Local refgenie instance and CVMFS-based regenie

First, follow the directions above for configuring a local refgenie server in Galaxy. The global refgenie_config_file will be configured to point to your local refgenie installation. This is required for proper usage of the Data Manager tool.

Next, follow directions on installing and configuring CVMFS available here.

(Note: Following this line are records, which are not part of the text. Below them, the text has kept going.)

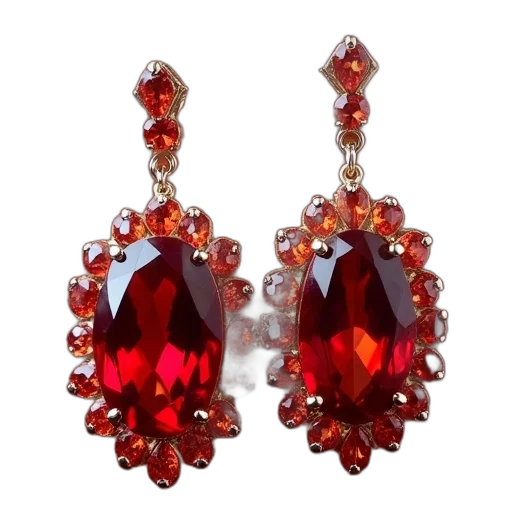 jewelry, image, two, pairs, swarovitee, earrings, red, orange transparent PNG cut-out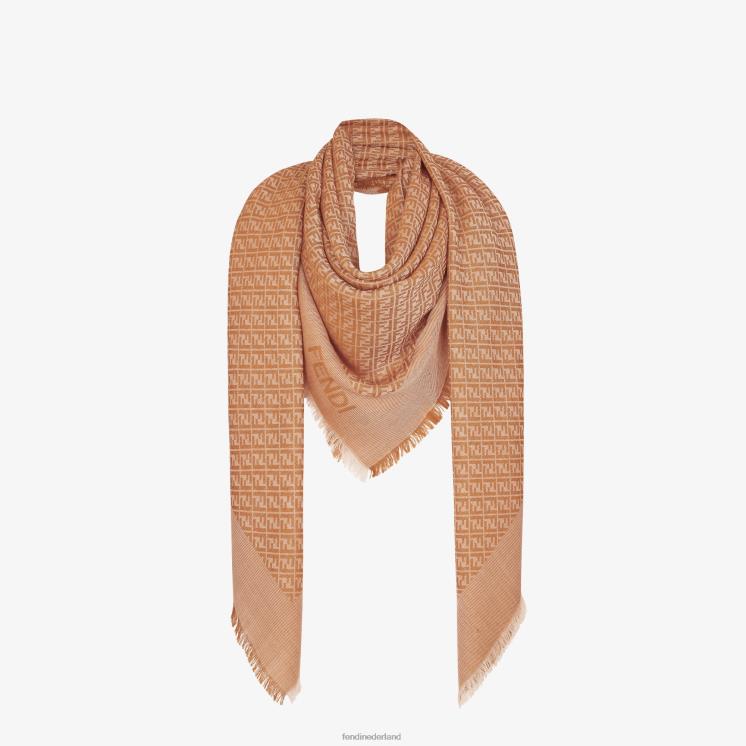 vrouwen accessoires Fendi 0J62L209 Karamel zijden en wollen sjaal bruin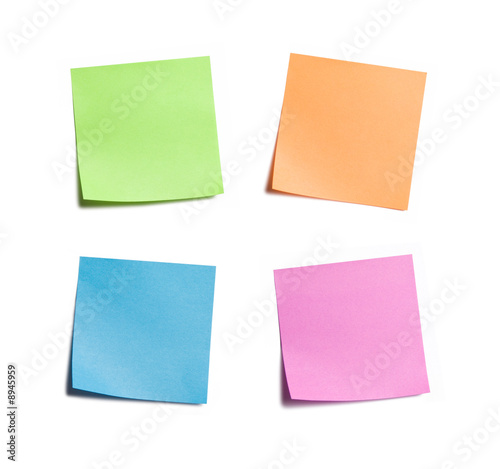 Four vibrant sticky notes on white background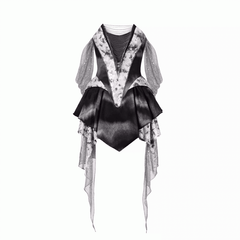 Y3K Fashion Futuristic Black Basque Waist Metal Chains Front Handkerchief Hem Cyberpunk Hooded Dress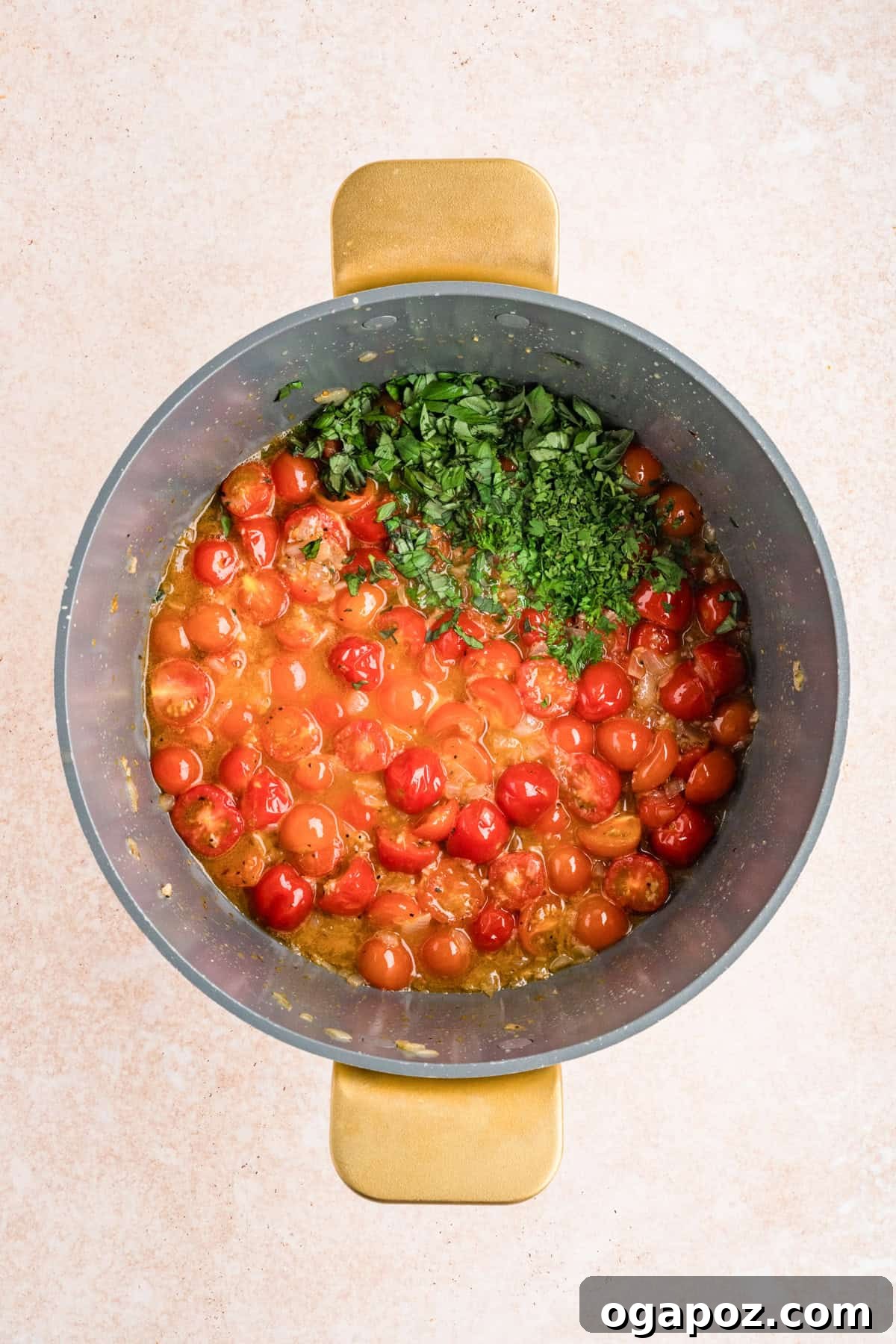 Fresh Cherry Tomato and Basil Pasta Recipe 8 Tomato, parsley and onion in a pot
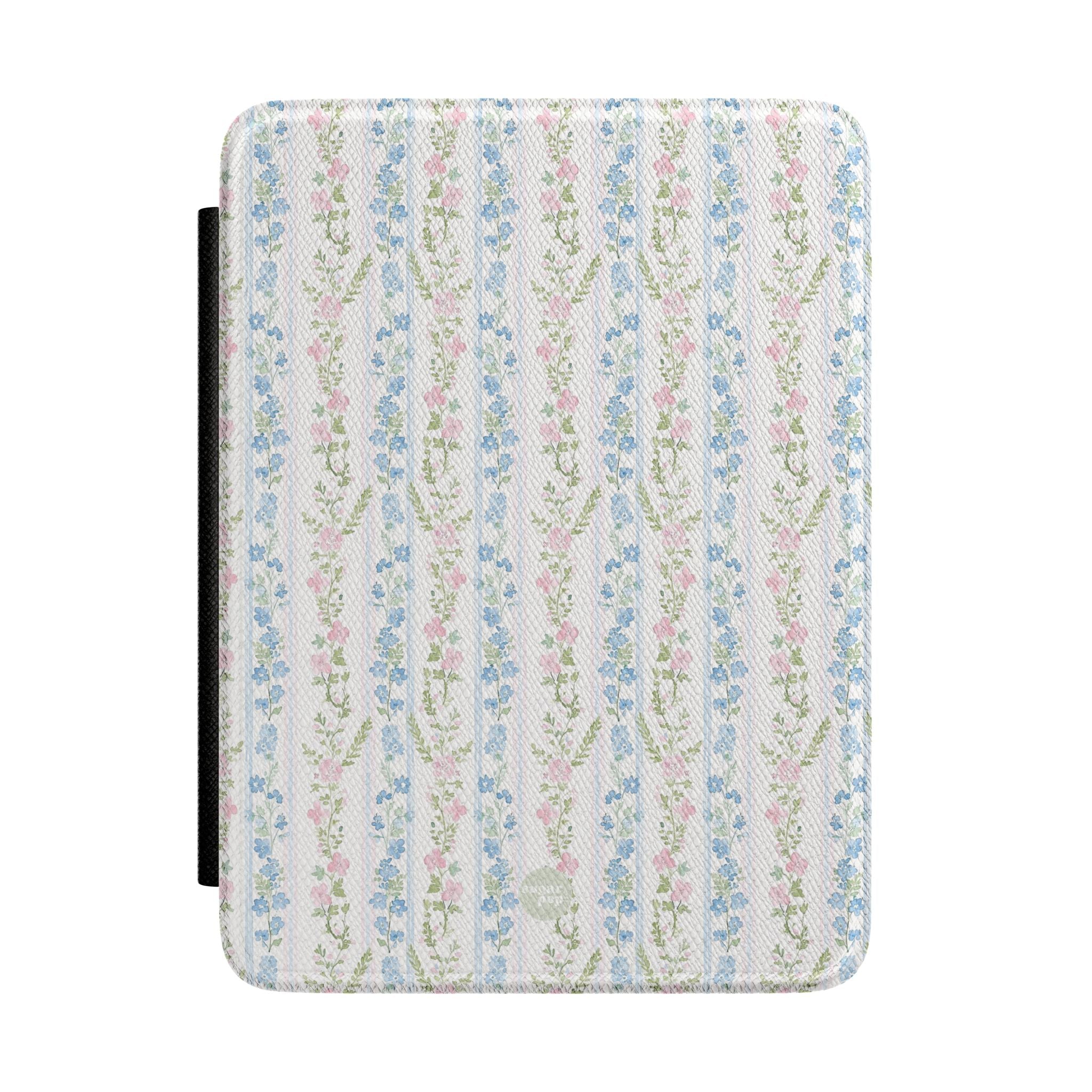 Floral Stripe Kindle Case — Pastel Cottagecore E-Reader Cover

Configure Galaxy to load refgenie genomes from CVMFS

Edit /$GALAXY_ROOT/config/tool_data_tables_conf.xml and add entries that point to refgenie on CVMFS:

    <!-- Refgenie __dbkeys__ -->
    <table name="__dbkeys__" type="refgenie" asset="fasta" >
        <file path="/cvmfs/refgenomes-databio.galaxyproject.org/genomes_config.yaml" />
        <field name="value" template="true">${__REFGENIE_GENOME__}</field>
        <field name="name" template="true">${__REFGENIE_DISPLAY_NAME__}</field>
        <field name="len_path" template="true">${__REFGENIE_SEEK_KEY__('chrom_sizes')}</field>
    </table>
    <!-- Refgenie all_fasta -->
    <table name="all_fasta" type="refgenie" asset="fasta" >
        <file path="/cvmfs/refgenomes-databio.galaxyproject.org/genomes_config.yaml" />
        <field name="value" template="true">${__REFGENIE_UUID__}</field>
        <field name="dbkey" template="true">${__REFGENIE_GENOME__}</field>
        <field name="name" template="true">${__REFGENIE_DISPLAY_NAME__}</field>
        <field name="path" template="true">${__REFGENIE_ASSET__}</field>
    </table>
    <!-- Refgenie fasta_indexes (samtools) -->
    <table name="fasta_indexes" type="refgenie" asset="fasta" >
        <file path="/cvmfs/refgenomes-databio.galaxyproject.org/genomes_config.yaml" />
        <field name="value" template="true">${__REFGENIE_UUID__}</field>
        <field name="dbkey" template="true">${__REFGENIE_GENOME__}</field>
        <field name="name" template="true">${__REFGENIE_DISPLAY_NAME__}</field>
        <field name="path" template="true">${__REFGENIE_ASSET__}</field>
    </table>
    <!-- Refgenie bowtie2_indexes -->
    <table name="bowtie2_indexes" type="refgenie" asset="bowtie2_index" >
        <file path="/cvmfs/refgenomes-databio.galaxyproject.org/genomes_config.yaml" />
        <field name="value" template="true">${__REFGENIE_UUID__}</field>
        <field name="dbkey" template="true">${__REFGENIE_GENOME__}</field>
        <field name="name" template="true">${__REFGENIE_DISPLAY_NAME__}</field>
        <field name="path" template="true">${__REFGENIE_ASSET__}</field>
    </table>
    <!-- Refgenie bwa_indexes -->
    <table name="bwa_mem_indexes" type="refgenie" asset="bwa_index" >
        <file path="/cvmfs/refgenomes-databio.galaxyproject.org/genomes_config.yaml" />
        <field name="value" template="true">${__REFGENIE_UUID__}</field>
        <field name="dbkey" template="true">${__REFGENIE_GENOME__}</field>
        <field name="name" template="true">${__REFGENIE_DISPLAY_NAME__}</field>
        <field name="path" template="true">${__REFGENIE_ASSET__}</field>
    </table>
    <!-- Refgenie hisat2_indexes -->
    <table name="hisat2_indexes" type="refgenie" asset="hisat2_index" >
        <file path="/cvmfs/refgenomes-databio.galaxyproject.org/genomes_config.yaml" />
        <field name="value" template="true">${__REFGENIE_UUID__}</field>
        <field name="dbkey" template="true">${__REFGENIE_GENOME__}</field>
        <field name="name" template="true">${__REFGENIE_DISPLAY_NAME__}</field>
        <field name="path" template="true">${__REFGENIE_ASSET__}</field>
    </table>

and then restart the Galaxy server. These entries are in addition to the existing refgenie entries, which refer to the globally declared refgenie configuration.